RECORDS below:
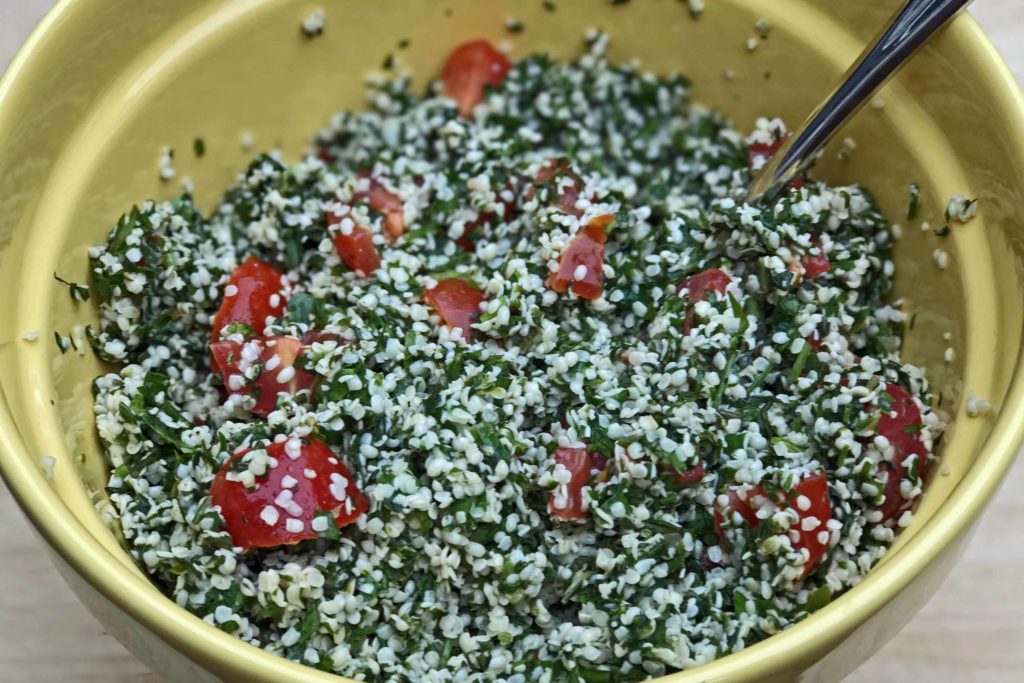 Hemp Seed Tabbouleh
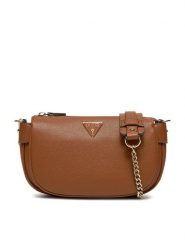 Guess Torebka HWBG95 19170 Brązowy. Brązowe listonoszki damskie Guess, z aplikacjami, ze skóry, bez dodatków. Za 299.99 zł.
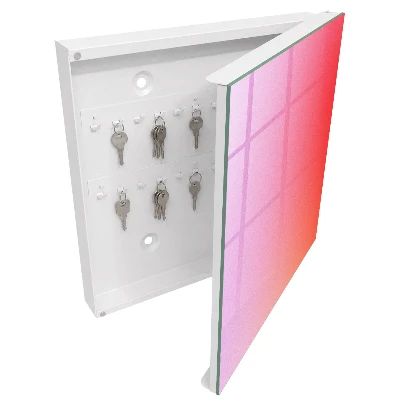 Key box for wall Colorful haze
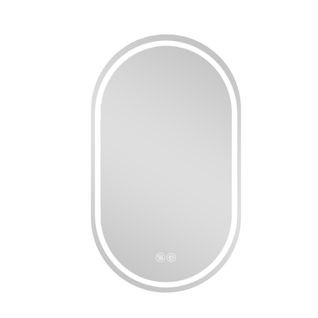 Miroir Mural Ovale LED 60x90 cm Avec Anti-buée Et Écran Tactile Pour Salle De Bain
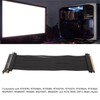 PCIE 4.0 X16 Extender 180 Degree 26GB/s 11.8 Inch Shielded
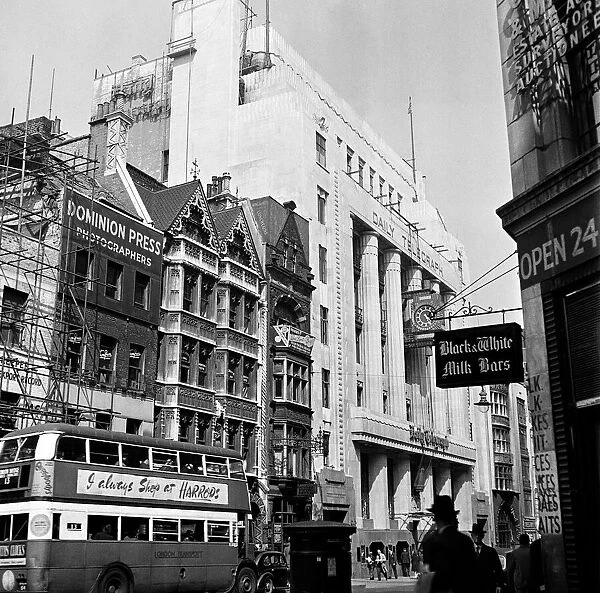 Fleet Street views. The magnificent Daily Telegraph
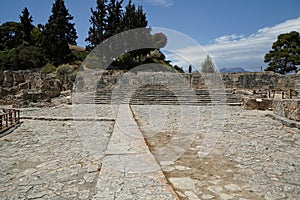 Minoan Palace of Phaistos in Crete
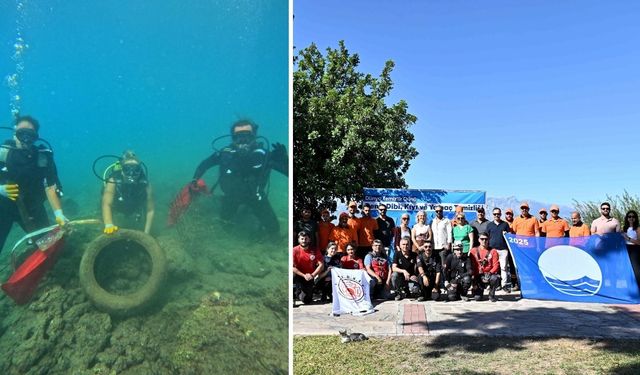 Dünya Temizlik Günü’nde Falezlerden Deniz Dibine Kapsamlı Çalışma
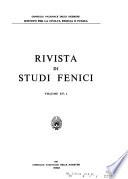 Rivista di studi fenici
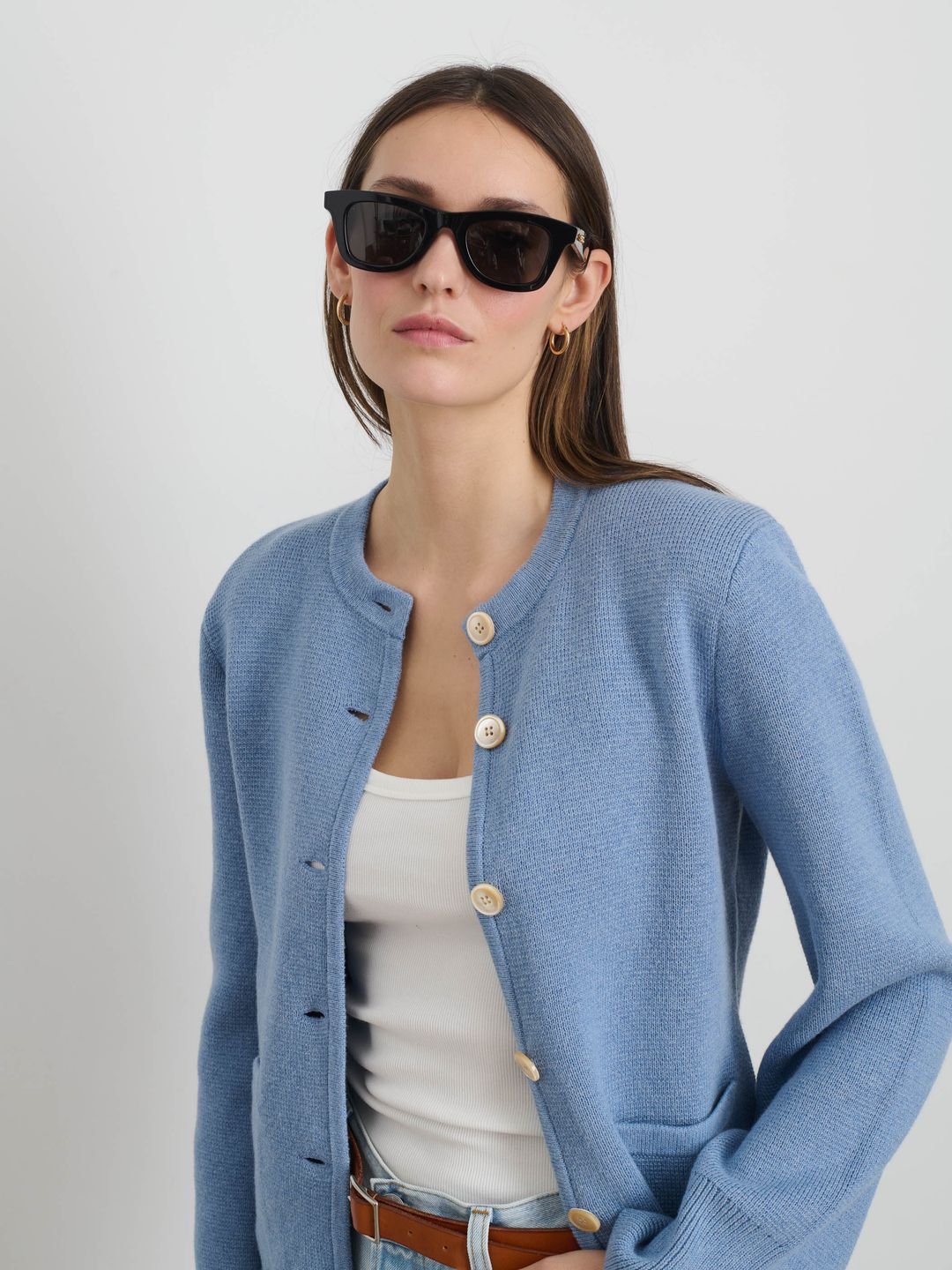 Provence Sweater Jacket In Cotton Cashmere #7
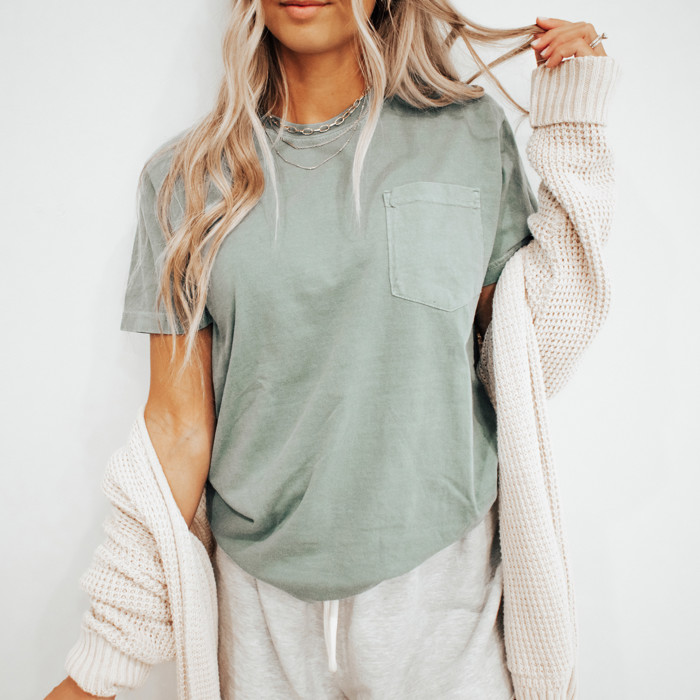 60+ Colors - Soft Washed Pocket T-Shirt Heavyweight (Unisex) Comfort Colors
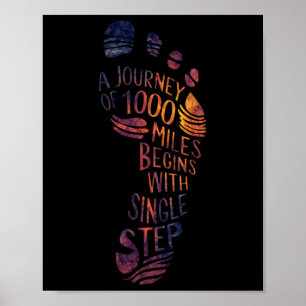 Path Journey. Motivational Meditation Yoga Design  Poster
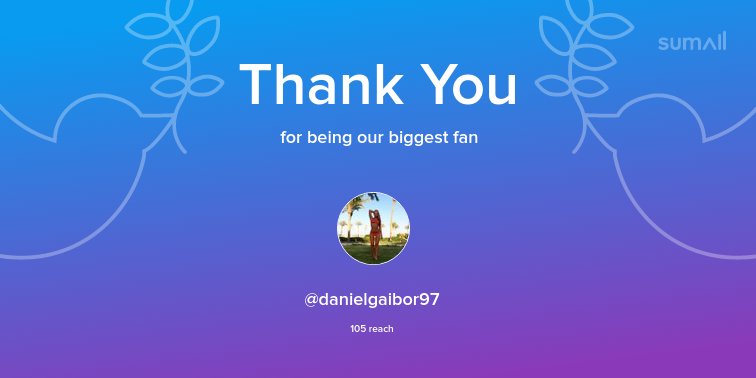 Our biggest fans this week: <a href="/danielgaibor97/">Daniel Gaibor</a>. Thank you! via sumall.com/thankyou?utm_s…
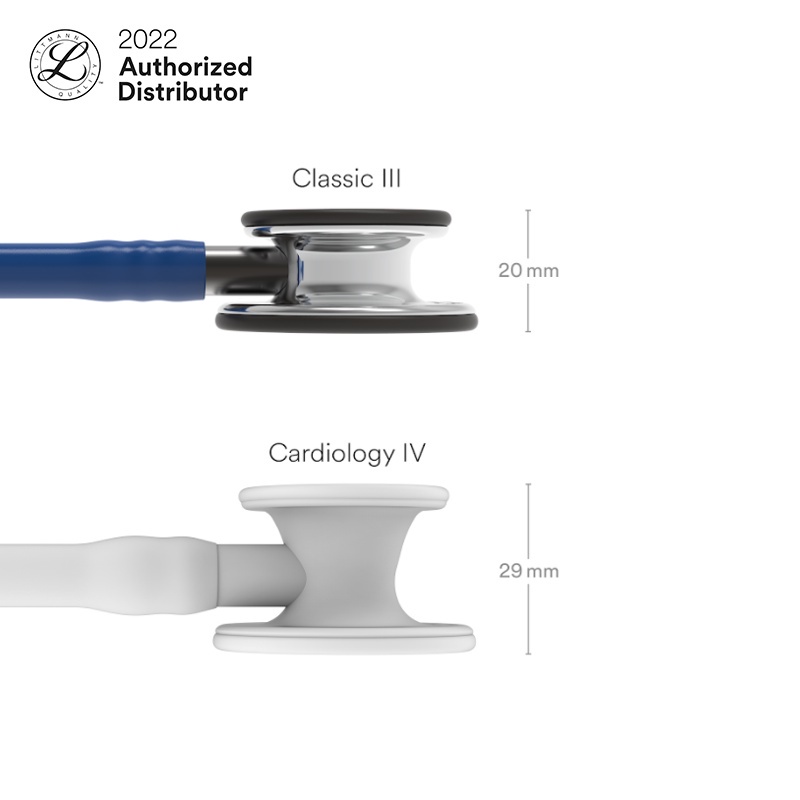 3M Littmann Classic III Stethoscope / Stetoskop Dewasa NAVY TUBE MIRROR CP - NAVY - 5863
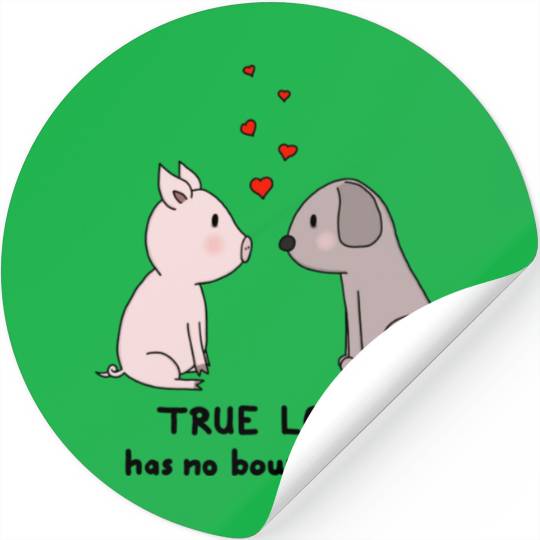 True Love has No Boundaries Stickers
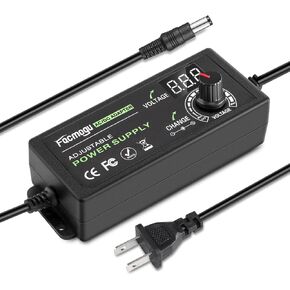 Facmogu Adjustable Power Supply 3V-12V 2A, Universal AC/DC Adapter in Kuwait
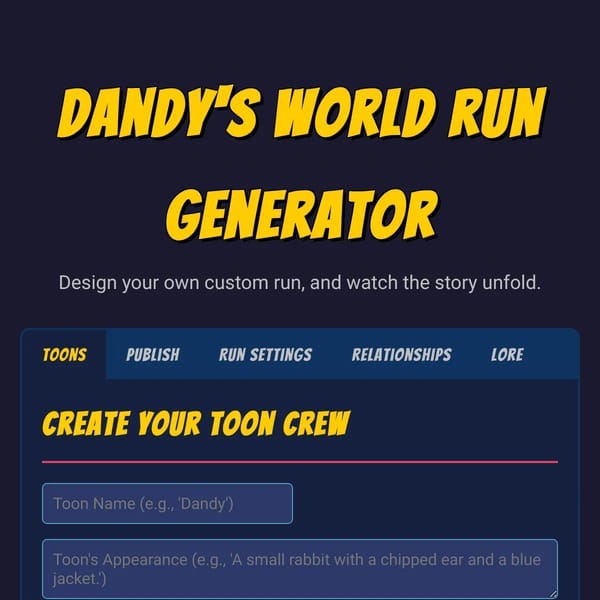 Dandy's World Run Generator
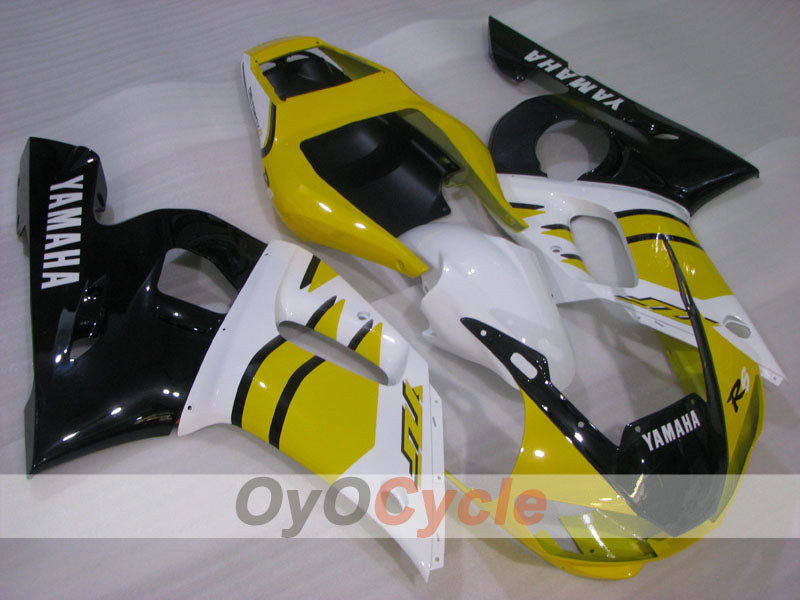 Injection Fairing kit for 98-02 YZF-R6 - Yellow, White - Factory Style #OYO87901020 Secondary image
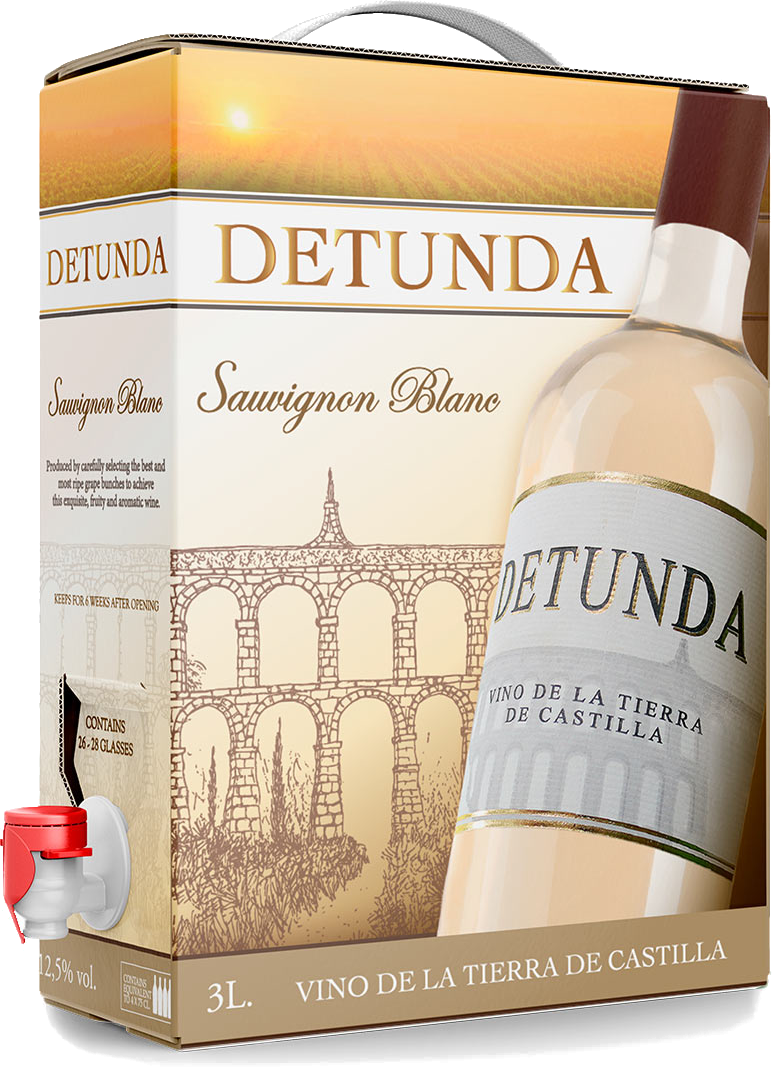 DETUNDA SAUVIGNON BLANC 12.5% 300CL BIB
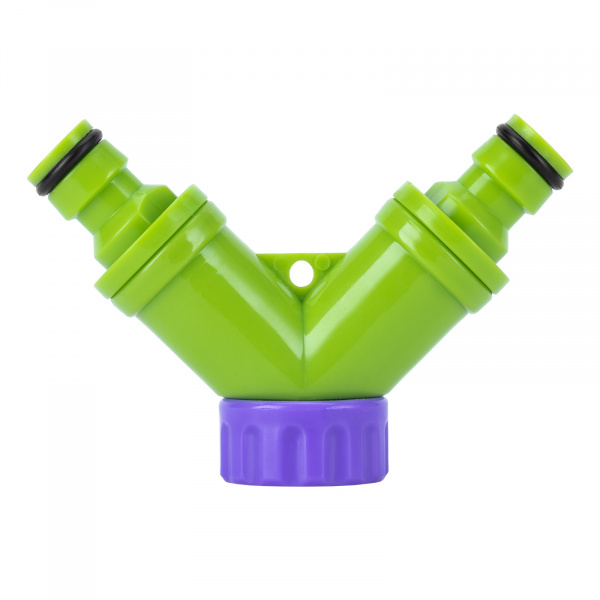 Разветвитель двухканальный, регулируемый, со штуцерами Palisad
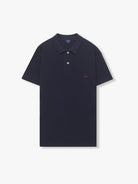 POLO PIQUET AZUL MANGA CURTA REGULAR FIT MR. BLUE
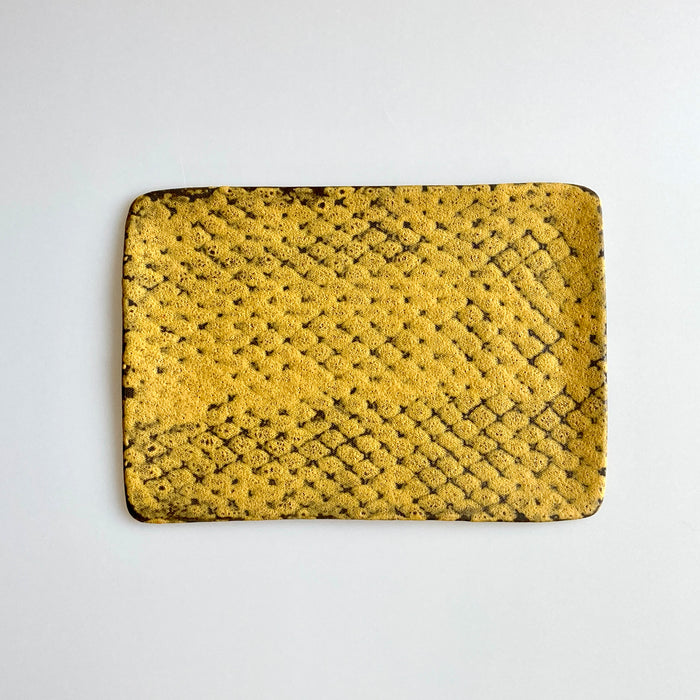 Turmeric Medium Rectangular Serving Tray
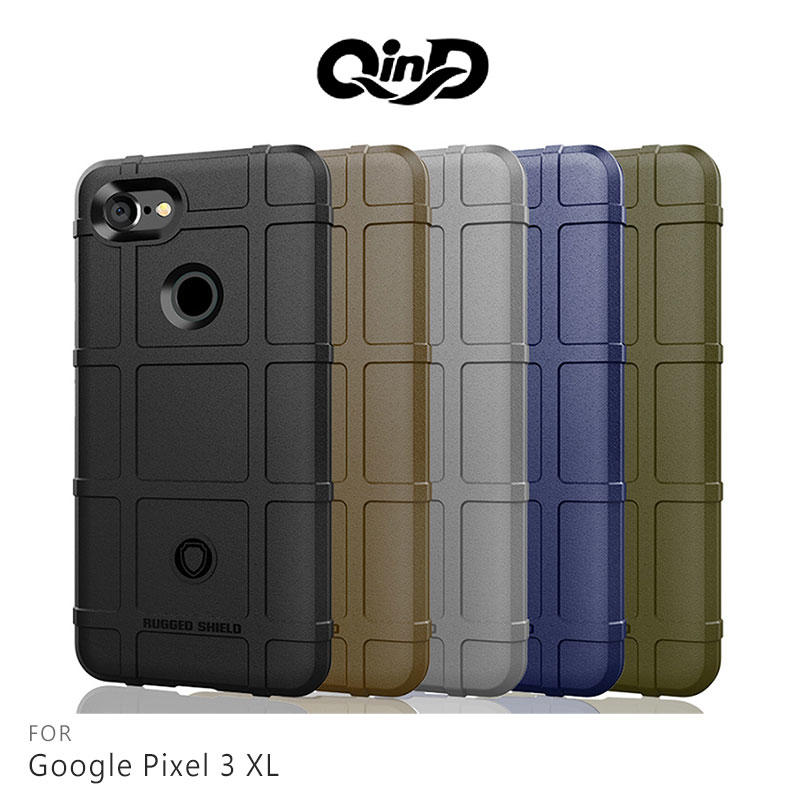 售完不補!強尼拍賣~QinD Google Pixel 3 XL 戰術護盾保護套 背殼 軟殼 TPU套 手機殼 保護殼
End of RECORDS.
The result should be every entry, word for word, and no pictures.

RESULT FOR THIS TASK:
 Hemp Seed Tabbouleh
 Guess Torebka HWBG95 19170 Brązowy. Brązowe listonoszki damskie Guess, z aplikacjami, ze skóry, bez dodatków. Za 299.99 zł.
 Key box for wall Colorful haze
 Miroir Mural Ovale LED 60x90 cm Avec Anti-buée Et Écran Tactile Pour Salle De Bain
 PCIE 4.0 X16 Extender 180 Degree 26GB/s 11.8 Inch Shielded
 Fleet Street views. The magnificent Daily Telegraph
 Minoan Palace of Phaistos in Crete
 Dünya Temizlik Günü’nde Falezlerden Deniz Dibine Kapsamlı Çalışma
 Rivista di studi fenici
 Provence Sweater Jacket In Cotton Cashmere #7
 60+ Colors - Soft Washed Pocket T-Shirt Heavyweight (Unisex) Comfort Colors
 Path Journey. Motivational Meditation Yoga Design  Poster
 Our biggest fans this week: <a href="/danielgaibor97/">Daniel Gaibor</a>. Thank you! via sumall.com/thankyou?utm_s…
 3M Littmann Classic III Stethoscope / Stetoskop Dewasa NAVY TUBE MIRROR CP - NAVY - 5863
 True Love has No Boundaries Stickers
 Facmogu Adjustable Power Supply 3V-12V 2A, Universal AC/DC Adapter in Kuwait
 Dandy's World Run Generator
 Injection Fairing kit for 98-02 YZF-R6 - Yellow, White - Factory Style #OYO87901020 Secondary image
 DETUNDA SAUVIGNON BLANC 12.5% 300CL BIB
 Разветвитель двухканальный, регулируемый, со штуцерами Palisad
 POLO PIQUET AZUL MANGA CURTA REGULAR FIT MR. BLUE
 Turmeric Medium Rectangular Serving Tray
 售完不補!強尼拍賣~QinD Google Pixel 3 XL 戰術護盾保護套 背殼 軟殼 TPU套 手機殼 保護殼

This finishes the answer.